Your goal — Work out how many lines of the data contain "Photo" and reply with that number alone.

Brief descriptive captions
════════════════════
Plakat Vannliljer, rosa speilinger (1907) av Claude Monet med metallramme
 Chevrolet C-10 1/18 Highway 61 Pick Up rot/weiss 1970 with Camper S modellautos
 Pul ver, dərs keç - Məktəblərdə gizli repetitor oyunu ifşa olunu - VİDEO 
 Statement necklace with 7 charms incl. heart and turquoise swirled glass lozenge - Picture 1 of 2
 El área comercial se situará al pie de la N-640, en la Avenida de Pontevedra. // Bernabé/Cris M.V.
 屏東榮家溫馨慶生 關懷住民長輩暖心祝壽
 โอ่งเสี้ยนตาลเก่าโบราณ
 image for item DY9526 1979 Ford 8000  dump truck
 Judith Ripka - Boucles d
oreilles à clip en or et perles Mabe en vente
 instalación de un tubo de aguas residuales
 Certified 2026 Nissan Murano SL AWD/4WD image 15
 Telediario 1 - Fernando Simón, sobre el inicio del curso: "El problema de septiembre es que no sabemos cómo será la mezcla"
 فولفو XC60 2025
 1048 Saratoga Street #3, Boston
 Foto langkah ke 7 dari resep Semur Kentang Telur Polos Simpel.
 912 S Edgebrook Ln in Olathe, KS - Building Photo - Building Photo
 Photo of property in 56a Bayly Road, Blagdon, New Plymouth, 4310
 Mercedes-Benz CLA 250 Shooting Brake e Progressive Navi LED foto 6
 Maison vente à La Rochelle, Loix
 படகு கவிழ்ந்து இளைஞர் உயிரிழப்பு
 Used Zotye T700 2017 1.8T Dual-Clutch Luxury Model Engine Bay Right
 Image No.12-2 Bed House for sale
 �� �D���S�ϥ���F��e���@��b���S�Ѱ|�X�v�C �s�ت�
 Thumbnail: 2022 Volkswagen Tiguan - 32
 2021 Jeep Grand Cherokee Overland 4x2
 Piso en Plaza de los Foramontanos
════════════════════
Exercise response — 2